● Data:
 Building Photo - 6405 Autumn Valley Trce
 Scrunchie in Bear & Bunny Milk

...

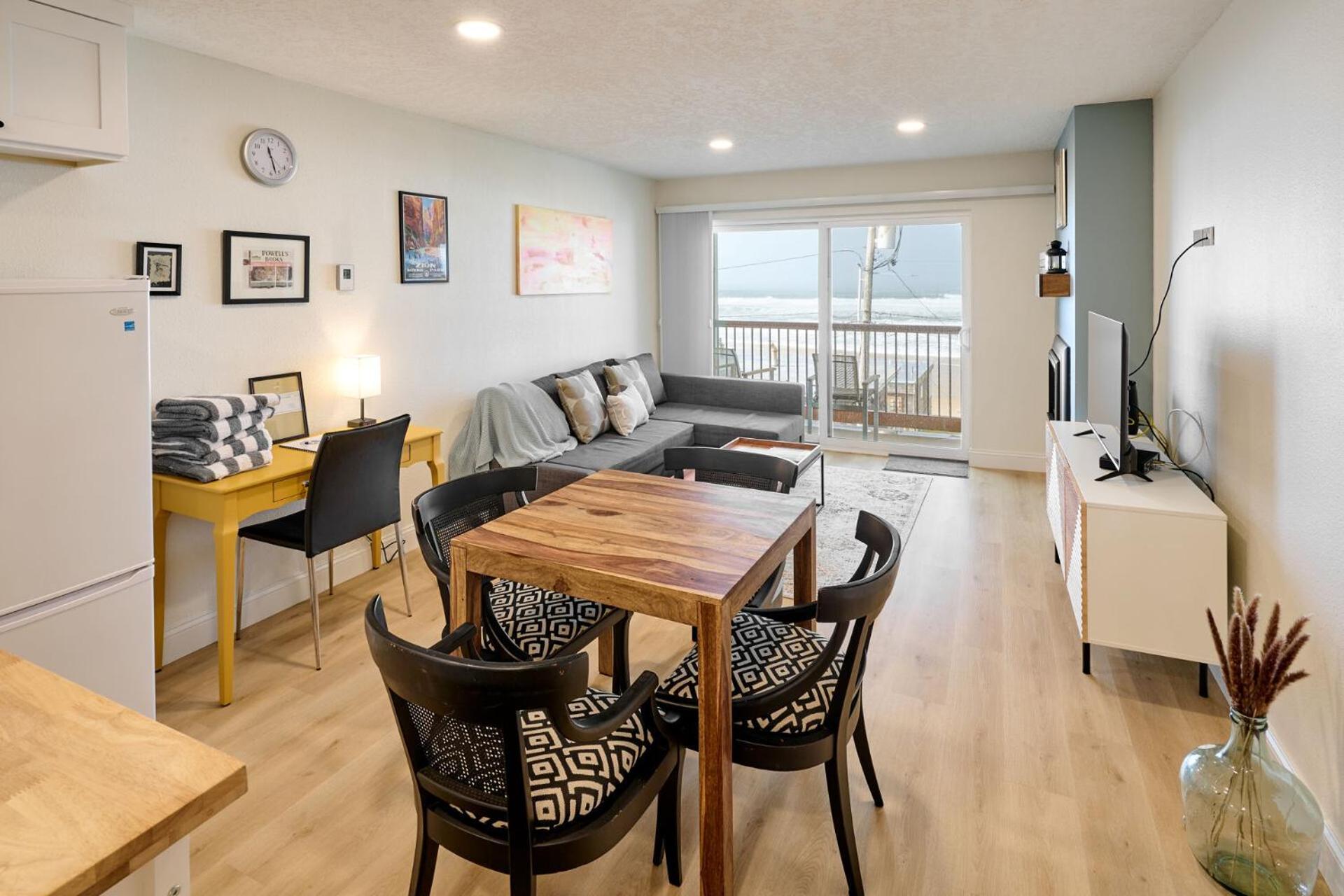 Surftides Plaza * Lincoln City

● What to do: Your reply is to repeat, unchanged, the lines above running from the one with "Building Photo - 6405 Autumn Valley Trce" up to and including the one with "Scrunchie in Bear & Bunny Milk".

● Task solution:
 Building Photo - 6405 Autumn Valley Trce
 Scrunchie in Bear & Bunny Milk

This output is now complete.